C’était dans la traduction anonyme et facilement accessible du Portrait de Dorian Gray.
Franchement, me suis-je dis, avec tout l’à propos qui me caractérise, "compréhensivement" ?
sûr de sûr ?
Houla.

Et puis j’ai imaginé Oscar Wilde. Il doit bien rester quelque part, dans l’air, dans l’espace, dans les nuées ou somewhere else, de petites particules qui viennent de lui, ses atomes dispersés qui grognent et qui cliquettent et qui se craquellent devant l’idée qui serait sienne, d’un peintre en train de peindre "compréhensivement".

Alors, c’était comme dans la file d’attente, ramasser le papier qu’a fait tomber quelqu’un devant pour le lui rendre, ni une ni deux, j’ai commencé à (re)traduire le Portrait de Dorian Gray.

Comme ce Portrait, dans le roman, possède des caractéristiques paranormales et que les atomes circulent entre eux plus vite que l’escampette en poudre, je me suis retrouvée engloutie, incapable de rien d’autre, absolument, que de traduire ce texte, d’éplucher les diverses versions anglaises disponibles existantes, et de sélectionner peut-être celle que j’ai trouvé la plus brillante, la plus fine, la plus lame de couteau, pour ensuite tenter de l’astiquer avec mes petits chiffons et dictionnaires.

Dans cette version, les chapitres sont au nombre de 13, et la mécanique de l’horloge ne laisse pas le temps de regarder ailleurs, car tout s’enchaîne, irrémédiable, c’est une version serrée (au sens qu’on donne quand on parle de café, c’est fort).

J’ai travaillé presque huit heures par jour dessus, mais ce n’est pas le nombre d’heures qui m’étonne, c’est plutôt cet état, pour moi jamais connu avant, d’être dans une pièce où tout ce qui arrive résonne vers un seul point, volets fermés, un peu comme dans une piscine municipale, il y a des bruits et des échos et des pieds nus et des bouées et le maître-nageur qui passe, mais c’est l’eau bleue au centre qui avale tout, c’est pour elle qu’on est là, c’est d’elle qu’on s’approche, elle qu’on quitte, elle dont on parle, c’est elle le centre du sujet.
Autour, dehors, on sait qu’il y a la rue avec d’autres sujets, des arbres, des gens, de belles traversées à faire, mais le couvercle de la piscine (parce qu’elle est ronde) empêche qu’on rejoigne l’autour et le dehors.
C’est curieux, c’est étrange (comme dirait Oscar Wilde qui aime utiliser ces adjectifs comme un joueur de cartes ou de dés, en imitant la nonchalance) (et elle est très bien imitée, mais elle est fausse) (il n’y a rien de plus sérieux parfois, que les cartes ou les dés de Wilde, c’est ce que je crois avoir compris).

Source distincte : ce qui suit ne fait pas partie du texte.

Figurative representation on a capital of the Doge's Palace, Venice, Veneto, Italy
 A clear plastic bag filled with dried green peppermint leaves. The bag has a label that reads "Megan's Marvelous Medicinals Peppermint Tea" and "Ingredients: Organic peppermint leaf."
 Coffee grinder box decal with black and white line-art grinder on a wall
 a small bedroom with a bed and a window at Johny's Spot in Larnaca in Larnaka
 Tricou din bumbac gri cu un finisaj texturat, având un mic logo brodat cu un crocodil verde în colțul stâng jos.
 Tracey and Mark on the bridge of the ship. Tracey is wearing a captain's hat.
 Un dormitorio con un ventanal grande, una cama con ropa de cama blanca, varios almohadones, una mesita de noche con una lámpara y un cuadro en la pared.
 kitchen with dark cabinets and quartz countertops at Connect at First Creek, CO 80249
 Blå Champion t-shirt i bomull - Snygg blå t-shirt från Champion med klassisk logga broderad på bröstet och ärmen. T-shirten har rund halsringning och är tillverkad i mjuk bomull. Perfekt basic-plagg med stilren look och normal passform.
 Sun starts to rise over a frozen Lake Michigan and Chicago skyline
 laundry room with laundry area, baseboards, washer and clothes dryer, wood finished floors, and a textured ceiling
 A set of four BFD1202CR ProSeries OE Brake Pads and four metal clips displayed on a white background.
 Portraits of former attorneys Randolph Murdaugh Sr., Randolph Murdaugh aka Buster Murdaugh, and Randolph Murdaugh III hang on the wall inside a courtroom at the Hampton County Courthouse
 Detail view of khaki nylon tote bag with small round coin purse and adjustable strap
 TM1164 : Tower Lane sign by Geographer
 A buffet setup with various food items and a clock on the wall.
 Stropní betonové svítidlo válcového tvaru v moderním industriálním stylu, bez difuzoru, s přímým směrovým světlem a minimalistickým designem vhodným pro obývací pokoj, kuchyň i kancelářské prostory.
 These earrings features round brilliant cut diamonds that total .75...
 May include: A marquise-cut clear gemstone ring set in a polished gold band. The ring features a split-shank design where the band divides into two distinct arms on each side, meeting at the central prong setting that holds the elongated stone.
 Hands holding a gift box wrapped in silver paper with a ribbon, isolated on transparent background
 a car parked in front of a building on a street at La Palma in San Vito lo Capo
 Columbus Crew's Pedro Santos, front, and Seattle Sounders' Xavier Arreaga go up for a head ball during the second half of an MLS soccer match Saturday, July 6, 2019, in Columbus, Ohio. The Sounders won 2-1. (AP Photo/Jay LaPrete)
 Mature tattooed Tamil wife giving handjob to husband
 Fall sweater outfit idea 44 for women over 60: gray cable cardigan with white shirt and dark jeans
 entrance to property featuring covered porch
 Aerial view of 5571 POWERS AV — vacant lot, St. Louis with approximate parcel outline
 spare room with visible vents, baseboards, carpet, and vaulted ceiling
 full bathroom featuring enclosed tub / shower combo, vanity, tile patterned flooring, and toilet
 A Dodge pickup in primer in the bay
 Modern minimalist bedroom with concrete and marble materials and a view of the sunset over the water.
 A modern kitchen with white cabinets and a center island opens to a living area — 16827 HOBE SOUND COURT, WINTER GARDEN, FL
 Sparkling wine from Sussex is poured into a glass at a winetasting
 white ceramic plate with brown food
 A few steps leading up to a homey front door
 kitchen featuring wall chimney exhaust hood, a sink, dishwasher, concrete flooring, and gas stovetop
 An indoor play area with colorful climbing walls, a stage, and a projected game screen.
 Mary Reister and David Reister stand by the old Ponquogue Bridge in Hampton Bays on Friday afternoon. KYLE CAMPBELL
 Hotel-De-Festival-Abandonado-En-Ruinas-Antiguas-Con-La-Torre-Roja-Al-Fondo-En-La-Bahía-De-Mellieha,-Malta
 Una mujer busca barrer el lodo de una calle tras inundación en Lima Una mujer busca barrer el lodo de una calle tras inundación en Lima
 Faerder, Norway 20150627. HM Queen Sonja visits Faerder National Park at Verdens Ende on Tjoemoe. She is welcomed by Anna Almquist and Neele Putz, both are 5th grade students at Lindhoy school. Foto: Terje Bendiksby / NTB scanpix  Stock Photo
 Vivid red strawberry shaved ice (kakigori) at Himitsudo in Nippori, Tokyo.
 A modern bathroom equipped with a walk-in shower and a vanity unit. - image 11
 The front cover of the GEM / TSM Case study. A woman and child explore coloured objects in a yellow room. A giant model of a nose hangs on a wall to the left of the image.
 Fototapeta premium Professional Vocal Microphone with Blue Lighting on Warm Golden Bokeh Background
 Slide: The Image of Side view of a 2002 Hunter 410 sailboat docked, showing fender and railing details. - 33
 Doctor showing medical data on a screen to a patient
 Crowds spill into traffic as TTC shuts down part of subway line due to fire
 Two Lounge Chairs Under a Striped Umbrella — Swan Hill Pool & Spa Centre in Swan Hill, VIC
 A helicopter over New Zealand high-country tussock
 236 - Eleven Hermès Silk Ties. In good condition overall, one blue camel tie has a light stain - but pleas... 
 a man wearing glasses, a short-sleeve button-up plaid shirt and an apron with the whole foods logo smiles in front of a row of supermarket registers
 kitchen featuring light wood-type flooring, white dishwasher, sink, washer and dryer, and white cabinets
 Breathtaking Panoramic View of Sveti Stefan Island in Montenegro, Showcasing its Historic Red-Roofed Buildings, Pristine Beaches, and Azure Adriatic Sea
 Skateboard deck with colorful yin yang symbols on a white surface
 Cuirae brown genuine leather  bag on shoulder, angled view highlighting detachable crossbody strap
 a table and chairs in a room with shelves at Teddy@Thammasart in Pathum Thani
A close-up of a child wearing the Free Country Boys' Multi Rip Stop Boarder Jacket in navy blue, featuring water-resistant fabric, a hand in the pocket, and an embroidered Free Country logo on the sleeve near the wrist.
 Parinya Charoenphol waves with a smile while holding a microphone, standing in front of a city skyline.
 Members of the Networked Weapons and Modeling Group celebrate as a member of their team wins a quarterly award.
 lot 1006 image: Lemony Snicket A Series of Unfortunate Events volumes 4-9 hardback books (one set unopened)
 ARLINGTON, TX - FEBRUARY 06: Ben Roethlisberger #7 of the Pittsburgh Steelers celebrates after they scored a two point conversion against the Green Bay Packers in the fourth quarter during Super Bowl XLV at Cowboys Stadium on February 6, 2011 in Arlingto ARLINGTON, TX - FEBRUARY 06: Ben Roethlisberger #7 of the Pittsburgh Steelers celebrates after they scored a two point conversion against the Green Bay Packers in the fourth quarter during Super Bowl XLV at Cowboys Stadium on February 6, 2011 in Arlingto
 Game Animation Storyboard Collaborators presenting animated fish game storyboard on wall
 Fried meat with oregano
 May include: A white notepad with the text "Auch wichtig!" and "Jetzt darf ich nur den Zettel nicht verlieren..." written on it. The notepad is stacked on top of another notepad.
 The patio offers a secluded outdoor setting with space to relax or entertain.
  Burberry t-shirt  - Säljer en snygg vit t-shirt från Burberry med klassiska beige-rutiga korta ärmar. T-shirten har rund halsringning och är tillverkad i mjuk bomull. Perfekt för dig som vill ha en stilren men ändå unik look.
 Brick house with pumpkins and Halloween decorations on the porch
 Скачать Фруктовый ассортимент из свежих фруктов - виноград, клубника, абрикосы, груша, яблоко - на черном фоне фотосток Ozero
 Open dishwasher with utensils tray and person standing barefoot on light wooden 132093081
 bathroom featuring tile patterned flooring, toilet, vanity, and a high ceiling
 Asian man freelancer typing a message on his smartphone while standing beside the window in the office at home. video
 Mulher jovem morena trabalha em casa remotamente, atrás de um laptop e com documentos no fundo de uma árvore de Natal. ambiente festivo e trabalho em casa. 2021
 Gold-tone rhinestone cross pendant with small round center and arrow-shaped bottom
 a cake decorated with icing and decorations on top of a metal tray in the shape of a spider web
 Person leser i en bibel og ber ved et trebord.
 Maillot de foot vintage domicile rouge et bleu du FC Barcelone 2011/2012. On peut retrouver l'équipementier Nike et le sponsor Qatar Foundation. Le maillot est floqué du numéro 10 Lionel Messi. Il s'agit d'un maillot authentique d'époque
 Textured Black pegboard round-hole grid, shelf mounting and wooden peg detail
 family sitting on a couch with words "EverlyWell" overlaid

J’ai encore des relectures à faire, déplacer des virgules, modifier des articles, mais je crois que ça y est, j’ai traversé la piscine.
(pour poursuivre ma métaphore, je préviens, c’était pas impérial, pas de la nage synchronisée avec figures acrobatiques et double axel à paillettes, mais je n’ai pas coulé, et pas trop bu la tasse, j’ai traversé. On va dire que maintenant je suis sur le bord, un peu moulue, et j’ai vu l’heure, le maître-nageur va bientôt dire "on ferme".)